Well, here’s a theory. We upgraded our builders to 12.2 and 11.4 at the same time. Perhaps its possible that there was some bug fix that was backported to 11.X but happens to be broken?

@problame Back when this first started happening, what FreeBSD did you upgrade from?

@problame Wow, thank you for that reference. That’s incredibly useful. Given the crashes that I’ve poked in that issue, this definitely seems to be the same thing. It’s good to know that this has been happening for y’all since at least January.

@dmitshur I’m not sure this qualifies as a release blocker anymore.
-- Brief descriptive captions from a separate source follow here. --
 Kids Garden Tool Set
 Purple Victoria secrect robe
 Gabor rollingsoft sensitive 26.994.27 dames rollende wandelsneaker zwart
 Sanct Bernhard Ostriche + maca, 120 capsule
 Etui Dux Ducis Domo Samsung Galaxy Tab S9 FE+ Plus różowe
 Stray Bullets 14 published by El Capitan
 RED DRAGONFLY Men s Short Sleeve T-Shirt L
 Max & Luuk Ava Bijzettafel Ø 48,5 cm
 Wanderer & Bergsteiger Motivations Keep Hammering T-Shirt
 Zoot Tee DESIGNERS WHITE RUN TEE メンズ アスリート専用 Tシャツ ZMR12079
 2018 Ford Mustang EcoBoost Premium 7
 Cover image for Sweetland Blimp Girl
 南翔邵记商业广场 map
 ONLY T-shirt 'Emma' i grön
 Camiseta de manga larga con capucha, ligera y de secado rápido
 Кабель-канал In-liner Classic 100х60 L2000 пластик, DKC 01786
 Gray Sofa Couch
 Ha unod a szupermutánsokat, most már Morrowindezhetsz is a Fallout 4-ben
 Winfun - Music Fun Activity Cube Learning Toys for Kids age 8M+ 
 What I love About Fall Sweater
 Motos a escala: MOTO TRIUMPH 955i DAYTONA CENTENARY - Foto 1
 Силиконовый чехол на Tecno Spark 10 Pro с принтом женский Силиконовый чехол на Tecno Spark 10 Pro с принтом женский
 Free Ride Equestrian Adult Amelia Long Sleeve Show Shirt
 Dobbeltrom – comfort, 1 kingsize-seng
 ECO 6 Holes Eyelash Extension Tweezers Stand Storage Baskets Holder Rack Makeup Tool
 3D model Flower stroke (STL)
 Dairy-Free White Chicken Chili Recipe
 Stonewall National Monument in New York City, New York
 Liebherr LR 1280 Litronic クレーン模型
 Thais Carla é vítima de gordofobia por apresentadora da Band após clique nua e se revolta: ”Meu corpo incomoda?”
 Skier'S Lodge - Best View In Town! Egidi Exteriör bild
Based on zrepl/zrepl#411 I don’t think it’s a new issue with Go 1.17.

FWIW, I think we have been hitting this bug in zrepl since FreeBSD 12.2 was released: https://github.com/zrepl/zrepl/issues/411

The workaround is to pin the process to a single core using cpuset.

Another friendly ping via a weekly release meeting, since this is currently labeled release-blocker.

Since we’re approaching the RC and the porting policy doesn’t include FreeBSD as a first class port, we may need to move in the direction of resolving the release-blocking issue by documenting the known problem, rather than blocking the release on its resolution.